Faaliyette bulunduğumuz dayanıklı tüketim sektörünü geniş perspektifte değerlendirdiğimizde; dünya beyaz eşya pazarı son 10 yılda küresel GSYİH büyümesine paralel, yılda ortalama yüzde 3 büyüdü ve yaklaşık 500 milyon adet ürün satışı ile 180 milyar dolar büyüklüğe ulaştı. Bununla birlikte, dünyada yaşanan demografik, makro-ekonomik ve teknolojik gelişmelerin etkisiyle sektörümüzün büyük bir dönüşüm içinde olduğunu görüyoruz. Dünya beyaz eşya üretimi artan şehirleşme, büyüyen orta sınıf ve dünyada yaşanan dijital devrim ile iç piyasalarında yüksek talep potansiyeline sahip olan ve yenilikçi, kaliteli ürünleri rekabetçi fiyata üretebilir hale gelen gelişmekte olan ekonomilerde yaygınlaşıyor ve yükselen bu ekonomiler sektörde önemli konuma ulaşıyorlar. Örneğin, Asya Pasifik pazarı son 10 yılda olağanüstü seviyede büyürken, Asyalı şirketler güç kazandı. Son birkaç yıldır sektörümüzdeki konsolidasyonun hızı arttı. Uzakdoğulu rakiplerimiz önemli satın alma ve birleşmeler gerçekleştirdi. Global rekabet daha da keskinleşti. Ana pazarlara baktığımızda; Amerika pazarı çok az büyüme kaydederken, Avrupa pazarı Euro/Dolar paritesindeki dalgalanmalar sebebiyle küçüldü.

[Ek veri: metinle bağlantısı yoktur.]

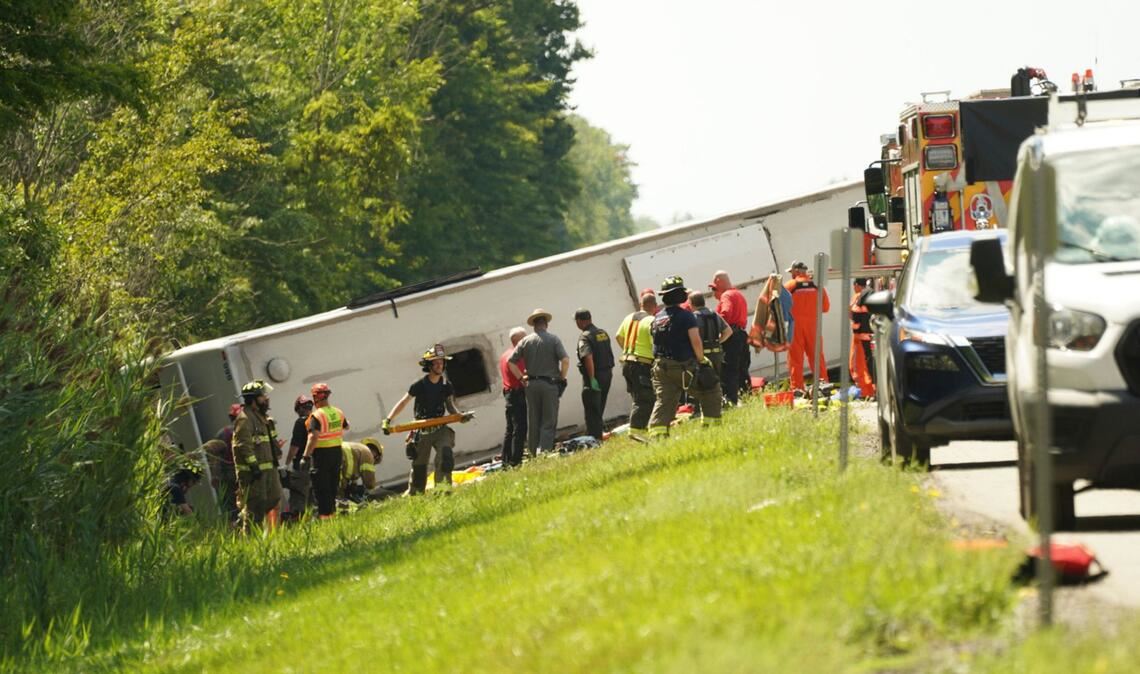 Mehrere Tote bei Busunfall in New York In dem Reisebus seien mehr als 50 Passagiere gewesen, darunter Frauen und Kinder, hieß es von der Polizei.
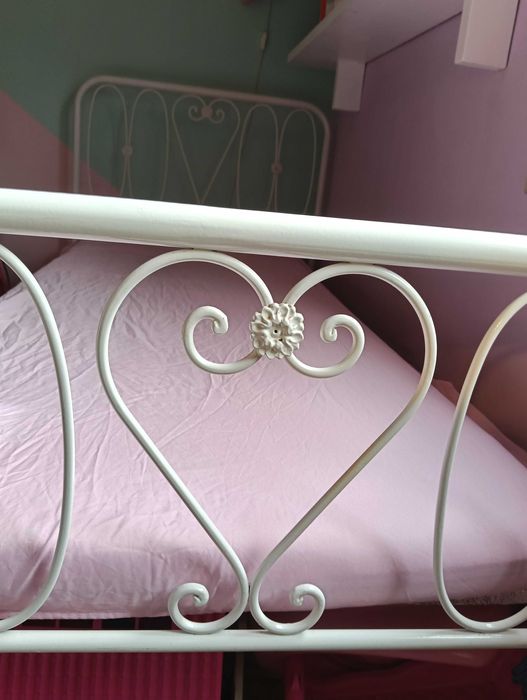 Cama solteiro, estilo alentejano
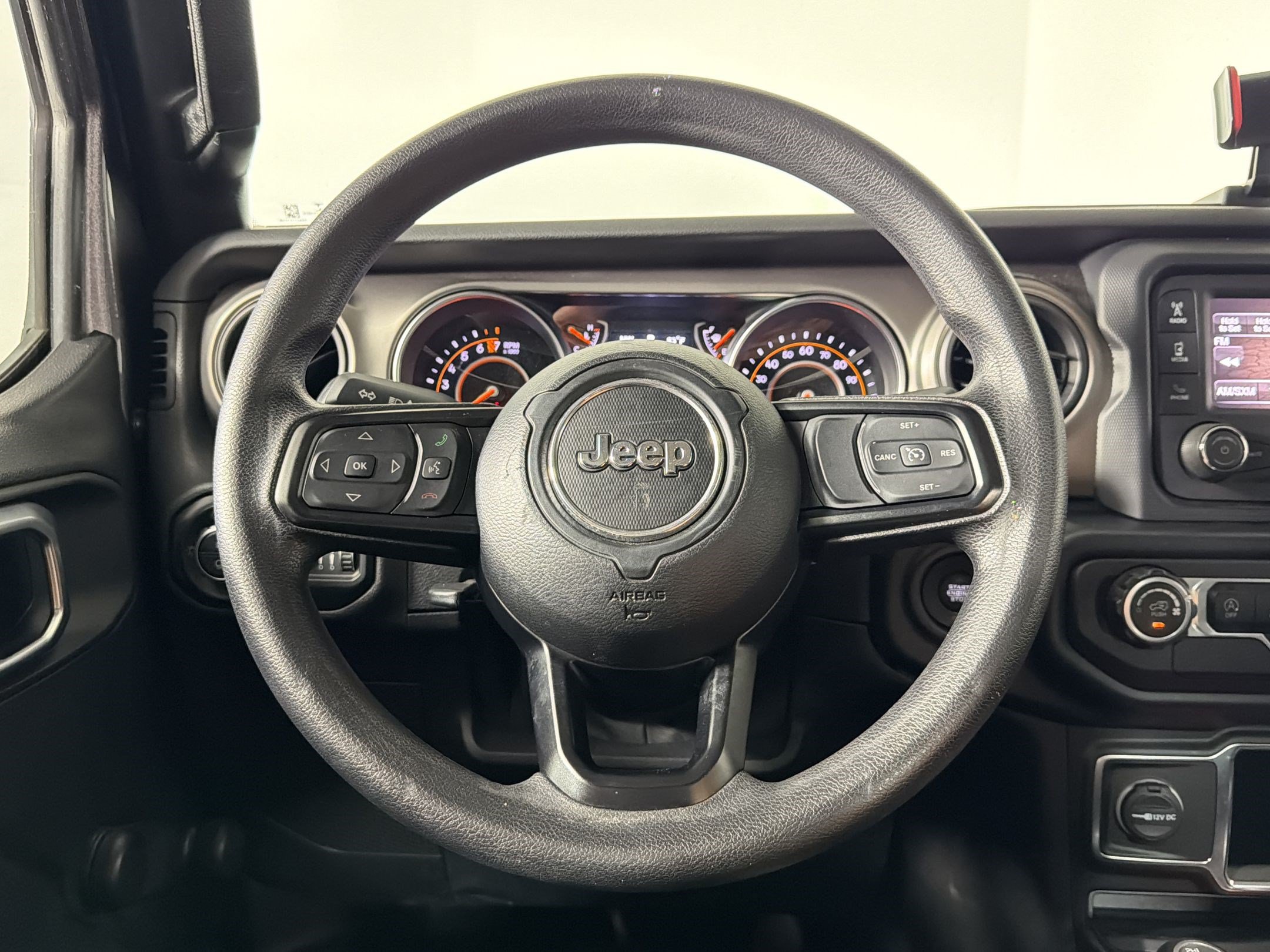 Used 2020 Jeep Gladiator Sport AWD/4WD image 14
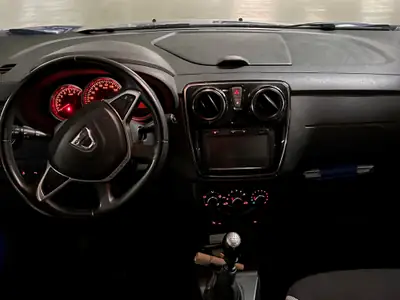 Dacia Lodgy 1.5 dCi 110 — Monospace familial économique, 135 500 km, sans sinistre — Heckansicht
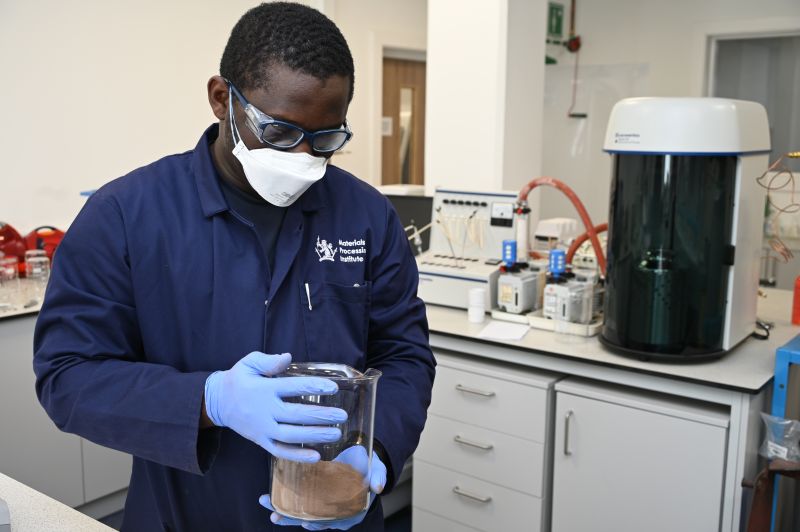 Technology scale-up and de-risking to decarbonise in the cement and concrete industry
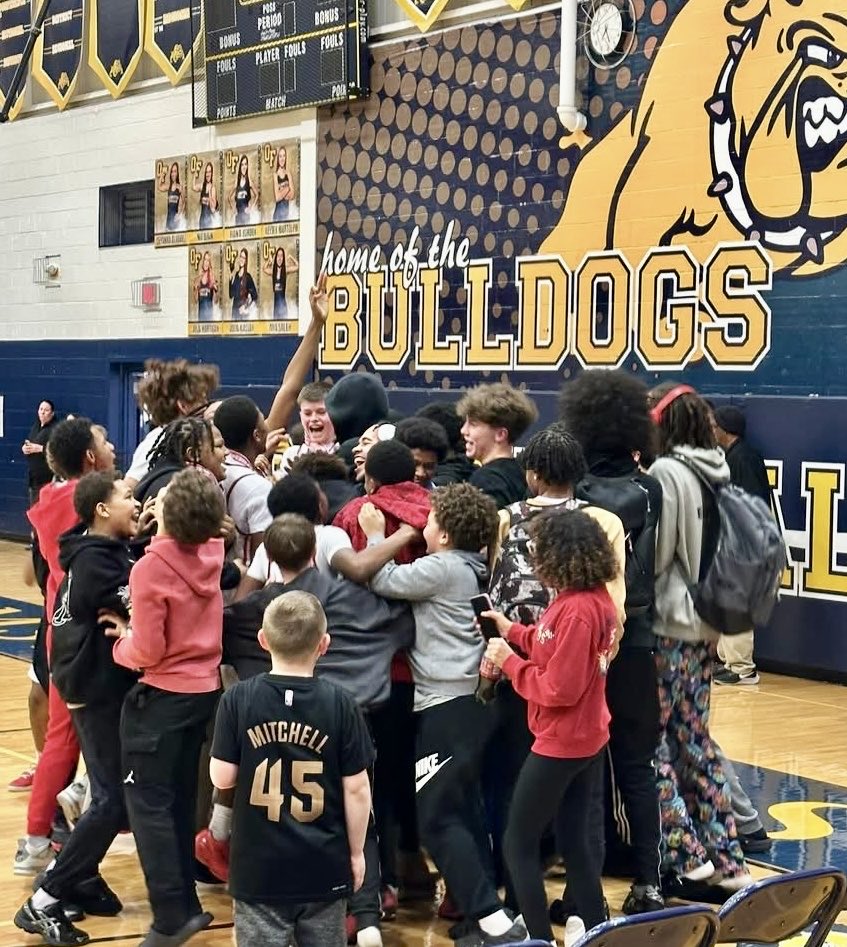 ElyriaSchools's tweet photo. The Undefeated Elyria 8th Grade Boys Basketball Team clinched the SWC Conference Championship for the second straight year. This team is incredible — They had lots of crowd support, and even the @ElyriaAthletics @ElyriaHigh Boys Basketball Team was there to cheer them on! https://t.co/mwLqtfU9jI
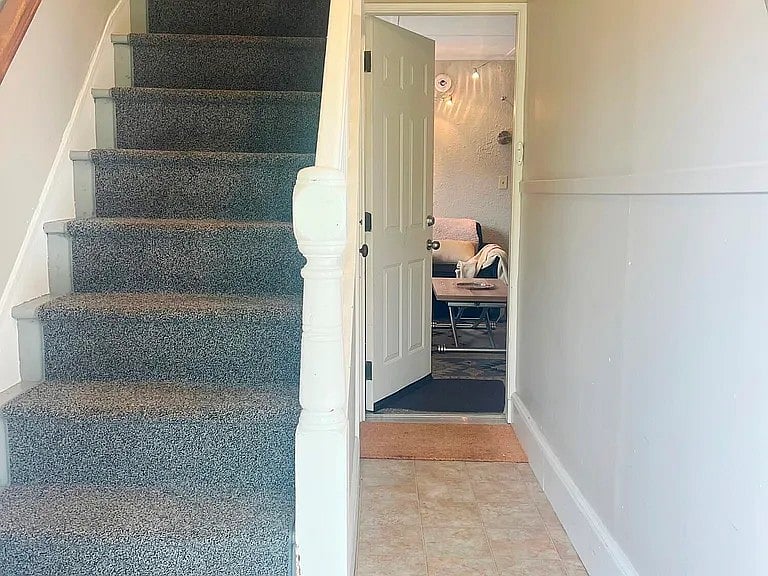 Path to Floor 1 Apartment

Türkiye’ye gelince kısaca içinde bulunduğumuz ekonomik konjonktürü hatırlamakta fayda var. Türkiye ekonomisi yılın ilk çeyreğinde ciddi bir büyüme gerçekleştirdi. İkinci çeyrekte ise bu büyümenin biraz ivme kaybettiğini görüyoruz. 15 Temmuz’da yaşanan darbe girişiminin de etkisiyle, yılın geri kalanı için ekonomik büyümede bir miktar daha yavaşlama bekliyoruz. Ama yine de 2016 yılını yüzde 3’ün üzerinde bir büyüme ile tamamlamayı öngörüyoruz.
Böyle bir atmosferde, Türkiye beyaz eşya sektörünün süregelen konumunu ve Topluluğumuzun performansını dikkate alırsak; sektörün son derece pozitif bir tablo çizdiğini söyleyebiliriz.
Türkiye’de Ar-Ge ve teknoloji yatırımlarına ağırlık veren güçlü üretici şirketler ve gelişen yardımcı sanayilerin oluşturduğu ekosistem ile birlikte; Ülkemiz Çin’den sonra dünyanın en büyük ikinci ve Avrupa’nın ise lider beyaz eşya üretim üssü haline geldi. Türkiye beyaz eşya üretimi 2010-2015 döneminde yıllık ortalama yüzde 6 büyüyerek 25 milyon adede ulaştı. Sektörün toplam cirosu 30 milyar TL’yi aştı. Ana sanayi ve yan sanayi işbirlikleri ile birlikte, Türkiye beyaz eşya konusunda teknoloji ihraç eden bir ülke konumuna geldi. Sektörde, toplam üretimin %70’den fazlasına denk gelen 18 milyon adet beyaz eşyayı yaklaşık 150 ülkeye ihracat yapma kapasitesine ulaştı.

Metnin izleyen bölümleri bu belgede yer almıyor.